Ma chi, anche tra i governanti che hanno condannato – giustamente – la rabbia distruttiva, ha anche solo fatto cenno a quanto l’ha provocata? E non parlo solo delle fucilate, che resteranno anonime, bensì degli anni in cui tutti sapevano (e tutti vedevano) le condizioni di lavoro e di vita dei migranti. E poi si parla di politica dell’amore e della libertà. In realtà si tratta di “amore di sé” (cioè egoismo) e di “libertà nostra” (pagata con la schiavitù di altri).

Mi chiedo quale debba essere la nostra reazione come cristiani?! Perché è vero che chi ha soccorso questi poveracci è stata la Chiesa, con qualche aiuto materiale, prima, poi con l’offerta provvidenziale degli automezzi di fuga.

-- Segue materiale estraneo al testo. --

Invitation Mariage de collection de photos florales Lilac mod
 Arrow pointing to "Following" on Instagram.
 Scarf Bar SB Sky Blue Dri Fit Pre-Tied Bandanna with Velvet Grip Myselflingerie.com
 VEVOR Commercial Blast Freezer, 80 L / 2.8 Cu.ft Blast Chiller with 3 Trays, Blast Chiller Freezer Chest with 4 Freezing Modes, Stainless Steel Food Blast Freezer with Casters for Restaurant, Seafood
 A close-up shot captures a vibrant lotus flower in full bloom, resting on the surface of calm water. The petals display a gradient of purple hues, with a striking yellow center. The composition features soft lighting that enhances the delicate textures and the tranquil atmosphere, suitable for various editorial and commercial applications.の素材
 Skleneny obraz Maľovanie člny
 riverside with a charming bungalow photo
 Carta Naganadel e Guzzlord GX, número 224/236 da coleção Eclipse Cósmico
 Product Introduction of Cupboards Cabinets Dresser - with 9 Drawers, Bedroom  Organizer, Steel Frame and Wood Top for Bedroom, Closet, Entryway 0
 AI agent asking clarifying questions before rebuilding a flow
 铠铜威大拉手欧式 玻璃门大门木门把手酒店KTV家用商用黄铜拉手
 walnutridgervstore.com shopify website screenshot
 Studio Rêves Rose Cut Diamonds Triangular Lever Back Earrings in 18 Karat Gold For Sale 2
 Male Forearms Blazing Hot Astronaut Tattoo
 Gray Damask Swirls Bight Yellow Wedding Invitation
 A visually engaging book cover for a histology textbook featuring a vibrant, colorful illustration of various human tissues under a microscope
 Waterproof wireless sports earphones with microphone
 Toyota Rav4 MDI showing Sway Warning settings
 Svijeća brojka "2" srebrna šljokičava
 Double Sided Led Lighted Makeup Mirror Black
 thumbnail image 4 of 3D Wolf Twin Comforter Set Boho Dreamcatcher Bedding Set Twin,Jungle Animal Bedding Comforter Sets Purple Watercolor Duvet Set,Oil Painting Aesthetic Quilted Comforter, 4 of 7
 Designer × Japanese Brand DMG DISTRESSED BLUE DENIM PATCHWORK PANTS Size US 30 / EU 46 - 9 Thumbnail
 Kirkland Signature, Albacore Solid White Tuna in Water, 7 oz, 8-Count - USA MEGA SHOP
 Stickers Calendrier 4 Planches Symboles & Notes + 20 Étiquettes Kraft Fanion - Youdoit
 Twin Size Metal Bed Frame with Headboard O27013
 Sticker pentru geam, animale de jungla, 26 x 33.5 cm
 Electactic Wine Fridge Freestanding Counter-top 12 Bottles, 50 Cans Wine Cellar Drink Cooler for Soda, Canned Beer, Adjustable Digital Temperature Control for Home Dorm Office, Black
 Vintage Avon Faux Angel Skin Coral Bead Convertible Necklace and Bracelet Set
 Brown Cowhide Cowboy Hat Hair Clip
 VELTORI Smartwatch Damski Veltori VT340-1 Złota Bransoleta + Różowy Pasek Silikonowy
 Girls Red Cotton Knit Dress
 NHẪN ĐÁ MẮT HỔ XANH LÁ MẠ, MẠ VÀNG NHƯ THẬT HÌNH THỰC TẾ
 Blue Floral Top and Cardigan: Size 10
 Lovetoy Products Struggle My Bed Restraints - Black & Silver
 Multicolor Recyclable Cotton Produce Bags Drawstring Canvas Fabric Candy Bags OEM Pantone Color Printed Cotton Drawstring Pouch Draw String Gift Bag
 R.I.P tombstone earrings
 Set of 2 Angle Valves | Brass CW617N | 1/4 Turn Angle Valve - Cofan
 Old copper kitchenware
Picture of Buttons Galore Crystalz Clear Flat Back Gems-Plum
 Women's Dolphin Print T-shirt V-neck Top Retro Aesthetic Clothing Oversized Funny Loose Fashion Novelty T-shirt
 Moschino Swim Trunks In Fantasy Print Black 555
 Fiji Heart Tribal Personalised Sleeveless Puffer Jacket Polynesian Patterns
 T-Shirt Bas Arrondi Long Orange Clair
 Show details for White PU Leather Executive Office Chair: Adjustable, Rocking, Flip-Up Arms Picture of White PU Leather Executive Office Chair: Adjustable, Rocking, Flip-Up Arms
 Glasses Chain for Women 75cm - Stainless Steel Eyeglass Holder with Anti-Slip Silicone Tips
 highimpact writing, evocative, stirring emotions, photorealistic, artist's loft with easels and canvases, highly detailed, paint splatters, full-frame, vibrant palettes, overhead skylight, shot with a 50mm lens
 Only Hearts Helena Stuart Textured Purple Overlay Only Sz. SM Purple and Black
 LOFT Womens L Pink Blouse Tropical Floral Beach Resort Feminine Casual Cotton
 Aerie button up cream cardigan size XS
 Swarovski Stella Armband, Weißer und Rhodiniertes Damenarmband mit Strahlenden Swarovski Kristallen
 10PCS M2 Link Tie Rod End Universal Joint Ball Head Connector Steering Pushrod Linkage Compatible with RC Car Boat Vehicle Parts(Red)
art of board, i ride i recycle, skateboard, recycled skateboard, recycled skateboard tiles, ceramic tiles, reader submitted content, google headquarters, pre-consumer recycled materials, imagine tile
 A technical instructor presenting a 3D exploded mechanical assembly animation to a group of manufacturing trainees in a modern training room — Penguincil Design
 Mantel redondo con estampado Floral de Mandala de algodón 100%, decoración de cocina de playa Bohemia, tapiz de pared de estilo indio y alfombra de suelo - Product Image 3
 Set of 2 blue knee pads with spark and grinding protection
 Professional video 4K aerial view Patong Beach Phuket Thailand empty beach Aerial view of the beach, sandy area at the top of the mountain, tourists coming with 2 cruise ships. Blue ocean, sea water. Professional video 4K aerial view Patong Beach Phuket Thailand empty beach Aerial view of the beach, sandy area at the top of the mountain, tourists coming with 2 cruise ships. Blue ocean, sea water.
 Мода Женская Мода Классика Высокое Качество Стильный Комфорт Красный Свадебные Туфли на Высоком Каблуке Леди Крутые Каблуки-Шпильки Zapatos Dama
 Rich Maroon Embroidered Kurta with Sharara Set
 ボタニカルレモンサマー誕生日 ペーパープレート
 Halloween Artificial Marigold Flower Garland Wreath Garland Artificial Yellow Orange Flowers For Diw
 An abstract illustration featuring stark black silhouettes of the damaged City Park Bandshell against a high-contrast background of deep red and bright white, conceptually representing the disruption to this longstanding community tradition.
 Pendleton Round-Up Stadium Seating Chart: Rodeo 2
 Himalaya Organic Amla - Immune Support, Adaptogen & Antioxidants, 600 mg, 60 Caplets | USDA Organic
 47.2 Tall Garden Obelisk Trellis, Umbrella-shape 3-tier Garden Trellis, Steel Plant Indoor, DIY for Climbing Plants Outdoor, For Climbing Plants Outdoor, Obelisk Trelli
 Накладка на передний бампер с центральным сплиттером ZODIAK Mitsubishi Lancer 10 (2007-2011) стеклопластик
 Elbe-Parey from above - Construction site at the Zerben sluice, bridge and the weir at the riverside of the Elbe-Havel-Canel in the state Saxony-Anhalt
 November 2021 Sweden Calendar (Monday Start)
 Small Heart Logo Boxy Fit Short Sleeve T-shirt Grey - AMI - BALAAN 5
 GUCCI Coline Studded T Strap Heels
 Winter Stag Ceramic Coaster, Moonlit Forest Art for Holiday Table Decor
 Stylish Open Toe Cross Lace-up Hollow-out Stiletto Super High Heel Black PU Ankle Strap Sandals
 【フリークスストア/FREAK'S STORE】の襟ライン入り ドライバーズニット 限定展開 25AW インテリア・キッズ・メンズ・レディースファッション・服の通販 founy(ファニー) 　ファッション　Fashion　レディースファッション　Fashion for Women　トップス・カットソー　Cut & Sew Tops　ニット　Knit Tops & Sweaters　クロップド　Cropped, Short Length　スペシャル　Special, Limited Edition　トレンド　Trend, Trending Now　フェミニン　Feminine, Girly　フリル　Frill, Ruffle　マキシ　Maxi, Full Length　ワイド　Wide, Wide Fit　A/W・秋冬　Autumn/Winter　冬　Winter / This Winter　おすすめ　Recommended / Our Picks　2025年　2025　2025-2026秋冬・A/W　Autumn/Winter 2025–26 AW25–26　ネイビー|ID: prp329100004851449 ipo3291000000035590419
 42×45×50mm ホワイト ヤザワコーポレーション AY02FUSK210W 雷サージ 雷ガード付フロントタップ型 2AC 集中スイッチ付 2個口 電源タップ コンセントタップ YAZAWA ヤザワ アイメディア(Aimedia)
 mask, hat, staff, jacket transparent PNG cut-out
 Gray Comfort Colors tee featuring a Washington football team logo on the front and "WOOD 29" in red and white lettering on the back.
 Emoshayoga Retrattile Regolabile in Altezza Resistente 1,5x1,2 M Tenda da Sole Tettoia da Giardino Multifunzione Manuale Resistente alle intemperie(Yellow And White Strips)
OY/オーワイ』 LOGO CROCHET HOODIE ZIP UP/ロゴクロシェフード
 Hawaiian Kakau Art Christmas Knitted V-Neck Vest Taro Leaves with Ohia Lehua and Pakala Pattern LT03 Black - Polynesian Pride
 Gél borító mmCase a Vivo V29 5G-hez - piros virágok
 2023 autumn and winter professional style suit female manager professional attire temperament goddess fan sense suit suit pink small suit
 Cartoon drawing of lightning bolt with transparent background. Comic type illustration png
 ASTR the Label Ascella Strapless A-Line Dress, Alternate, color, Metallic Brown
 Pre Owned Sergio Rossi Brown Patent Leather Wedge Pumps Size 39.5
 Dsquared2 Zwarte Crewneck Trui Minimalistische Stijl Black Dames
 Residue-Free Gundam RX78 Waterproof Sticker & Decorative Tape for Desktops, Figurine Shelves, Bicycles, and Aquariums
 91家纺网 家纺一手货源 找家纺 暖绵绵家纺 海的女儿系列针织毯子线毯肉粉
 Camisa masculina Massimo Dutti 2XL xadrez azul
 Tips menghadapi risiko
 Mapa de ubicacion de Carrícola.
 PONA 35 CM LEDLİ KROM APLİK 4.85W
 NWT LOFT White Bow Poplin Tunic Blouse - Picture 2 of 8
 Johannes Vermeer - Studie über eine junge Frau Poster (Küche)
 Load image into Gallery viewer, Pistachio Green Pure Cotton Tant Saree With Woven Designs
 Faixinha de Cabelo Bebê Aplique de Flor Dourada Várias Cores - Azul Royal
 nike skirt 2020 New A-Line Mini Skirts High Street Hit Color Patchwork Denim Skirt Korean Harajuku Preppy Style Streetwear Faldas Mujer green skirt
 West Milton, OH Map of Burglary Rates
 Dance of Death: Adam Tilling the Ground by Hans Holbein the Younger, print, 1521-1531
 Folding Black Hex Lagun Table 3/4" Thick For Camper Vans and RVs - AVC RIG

Ma è anche vero che la prima carità è la giustizia, e il rispetto della legalità. L’impressione invece è che, pronti alla carità come elemosina, non lo siamo altrettanto alla prima carità, appunto alla giustizia. Si parla tanto – e giustamente – di principi irrinunciabili, applicandoli in primo luogo alla salvaguardia della vita, dal suo sbocciare al suo tramonto; ma non si riesce a puntualizzare che la vita va salvaguardata anche nella sua pienezza, e non solo in quella della “nostra”, ma in quella di ogni nostro fratello, di ogni essere umano. Il vero antagonismo a Dio è “mammona”, parola aramaica che noi traduciamo oggi con “ricchezza”, ma che implica anche il “potere”: “Nessuno può servire due padroni, perché o odierà l’uno e amerà l’altro, oppure si affezionerà all’uno e disprezzerà l’altro: non potete servire Dio e la ricchezza” (Mt 6,24). Perché questa porta poi a diffondere la mentalità in cui ognuno cerca solo i propri interessi, manipolando le leggi (o creandosene a proprio uso e consumo) e frodandole con tutti gli espedienti possibili. Poi ci lamentiamo se i giovani fanno “i furbi” o i “bulli”, se non hanno più veri ideali, né civili né religiosi: glielo abbiamo insegnato noi adulti!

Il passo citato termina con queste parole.